The network will not run the Dog marathon it had scheduled for this weekend.
The decision came after Yum! Brands -- which bought spots during Dog for Pizza Hut, Taco Bell and KFC -- pulled ads from the show.
The network suspended Chapman Wednesday after the National Enquirerposted a clip from the conversation online. A&E stopped production on the show, but it has not made a decision about whether to cancel it, according to a network spokesperson.
“In evaluating the circumstances of the past few days, A&E has decided to take Dog the Bounty Hunter off the network’s schedule for the foreseeable future,” A&E said in a statement. “We hope Mr.

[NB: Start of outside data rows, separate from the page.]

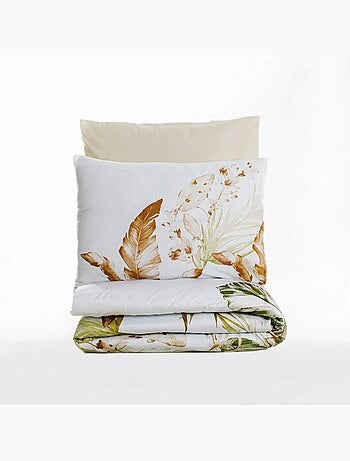 Parure housse de couette 100% satin de coton feuillages - Luster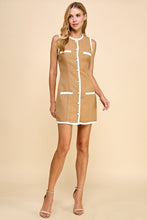 Load image into Gallery viewer, TCEC FITTED Textured Button Down Mini Dress in Mocha

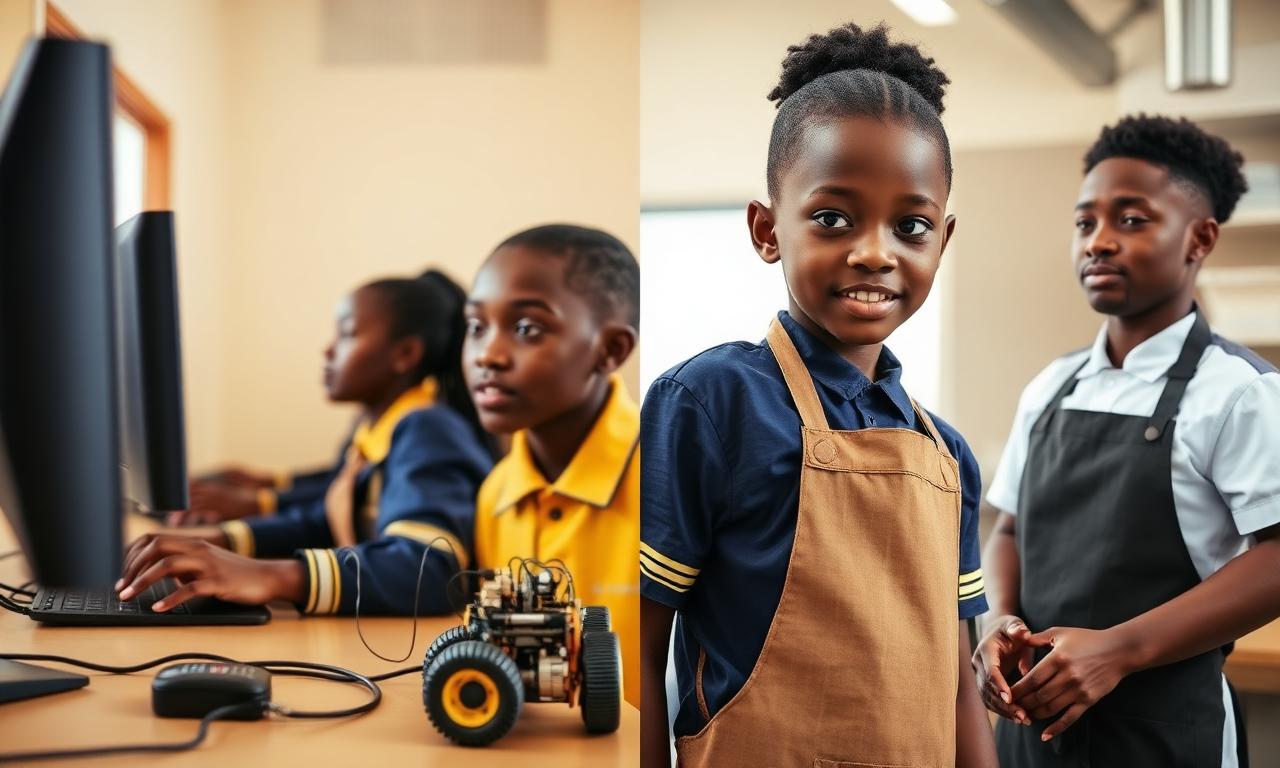 Pupils coding on computers, building a robot, and learning kitchen skills at Heirs International British School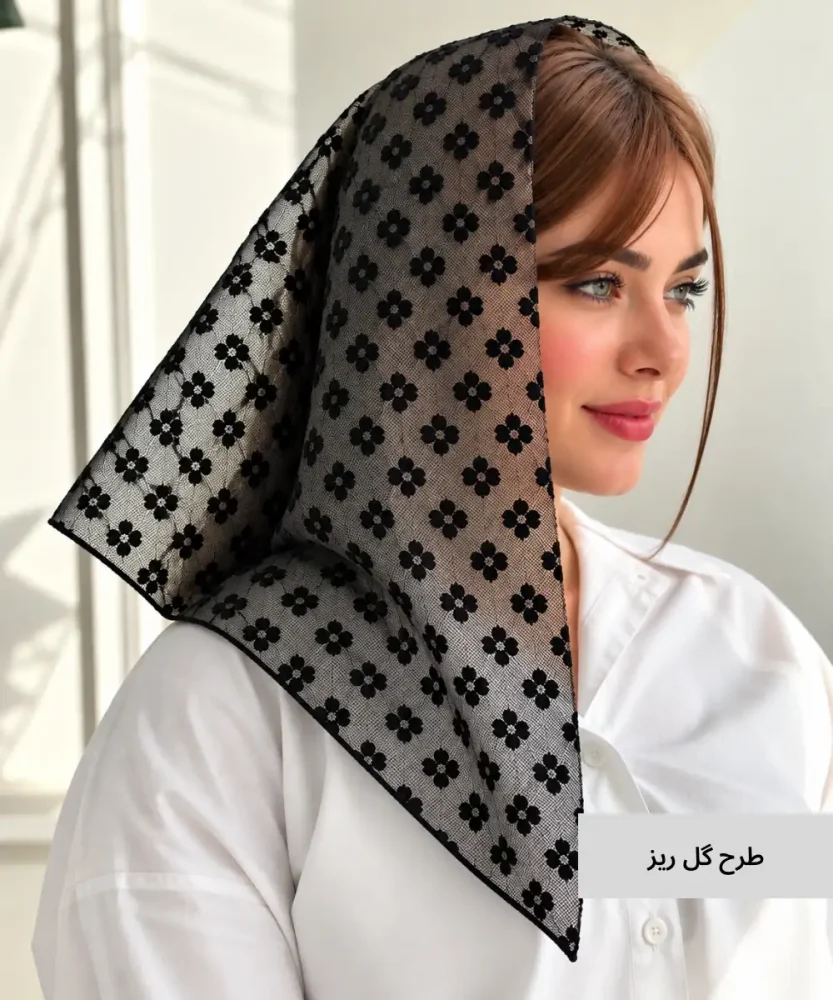روسری مینی اسکارف توری دورگاندوزی N10727 - تصویر 5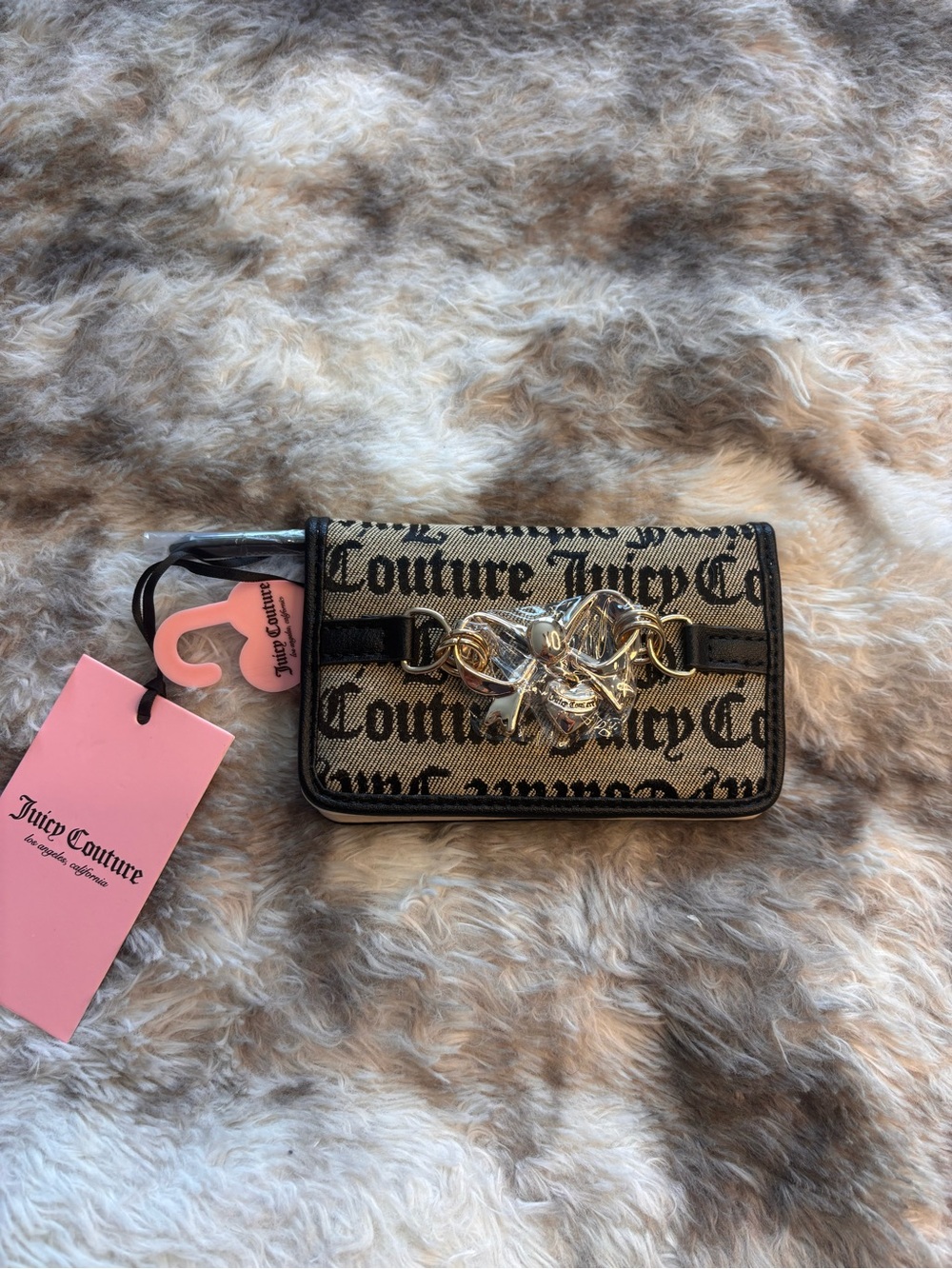 Juicy Couture Tan and Black Logo Wallet with Gold Hardware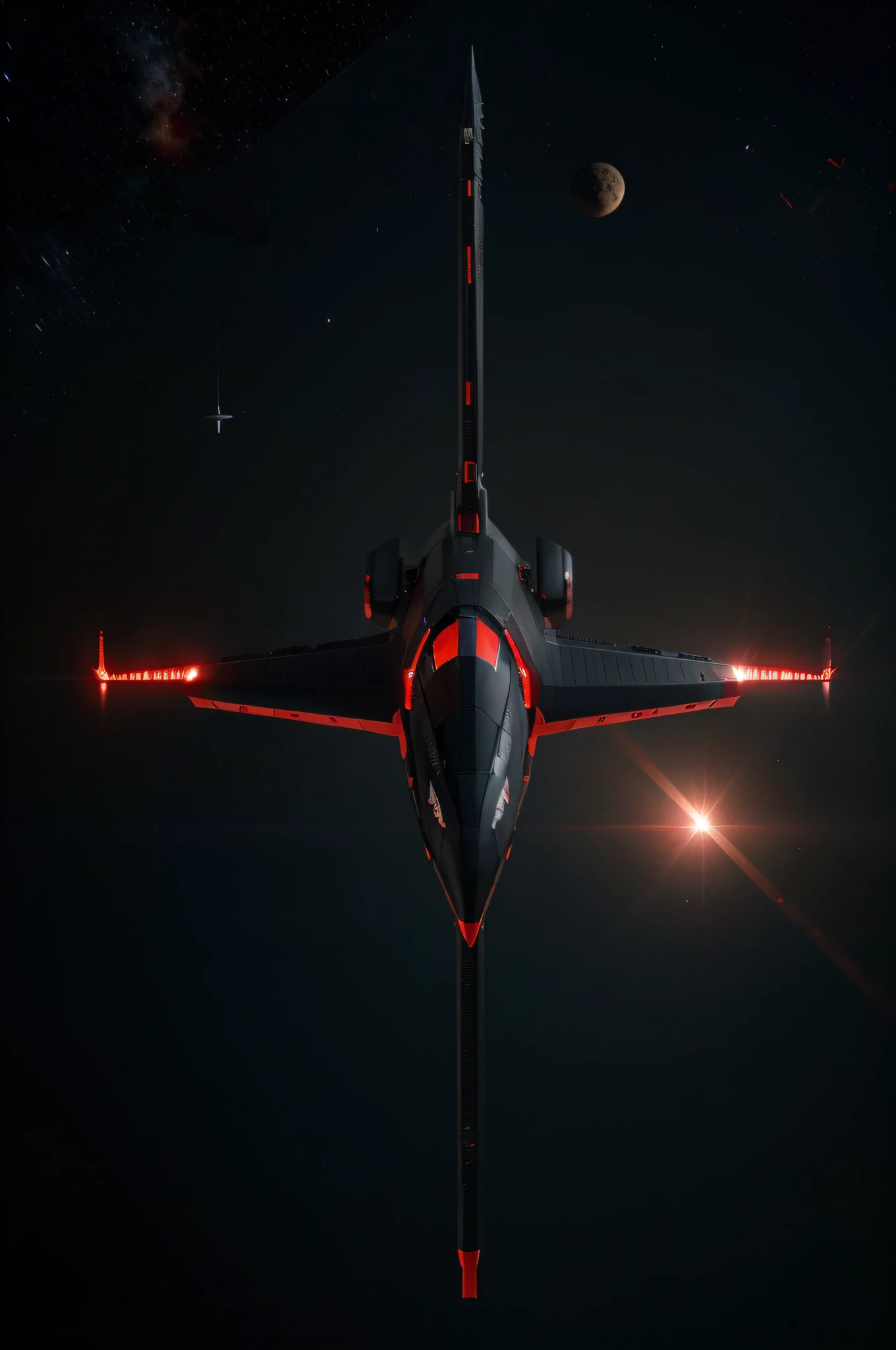 (black-and-red spaceship floating in space),(best quality, high resolution),ultra-detailed,physically-based rendering,high-contrast lighting,sci-fi,vivid colors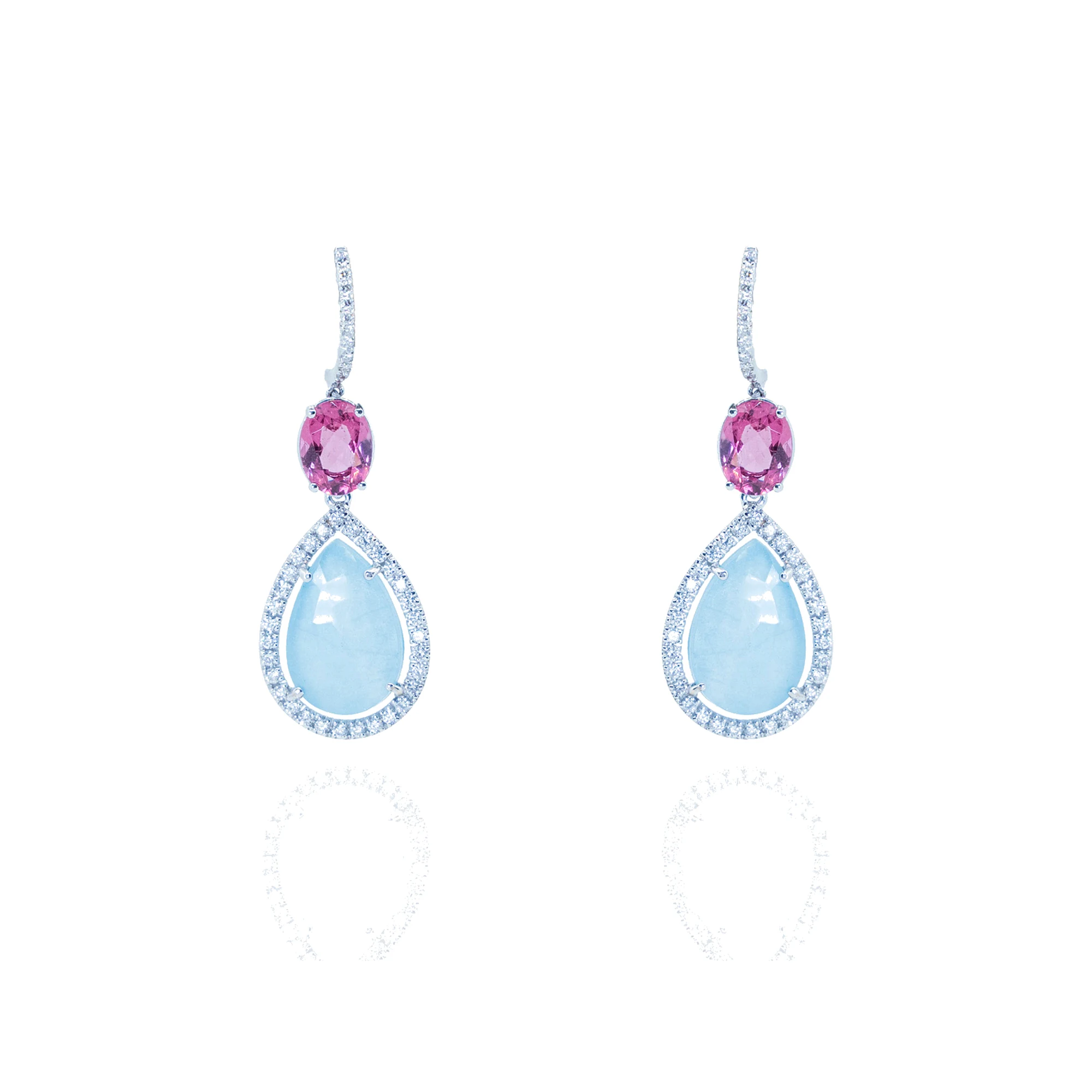 Pendientes oro blanco y brillantes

Chapman continues the healing process that he has begun.”
Dog has consistently been one of A&E's highest-rated shows since it premiered in 2004 -- it averaged more than 1 million viewers in primetime last month, according to Nielsen Media Research, and it brought in nearly $18 million in ad revenue in the first half of 2007, according to TNS Media Intelligence.
In the phone call, Chapman repeatedly uses the n-word in expressing his disapproval of his son's African-American girlfriend, saying that she could harm the show if she hears Chapman and others using the word.
AP reported Friday that Chapman's attorney alleged that his son, Tucker, taped the phone call and sold it to the National Enquirer.
Chapman issued a statement Wednesday night expressing contrition and saying that he was meeting with his "spiritual advisor" for guidance.
"I know that all of my fans are deeply disappointed in me, as well, as I have tried to be a model for doing the right thing," he said in the statement. "I did not do the right thing this time, and hope you will forgive me."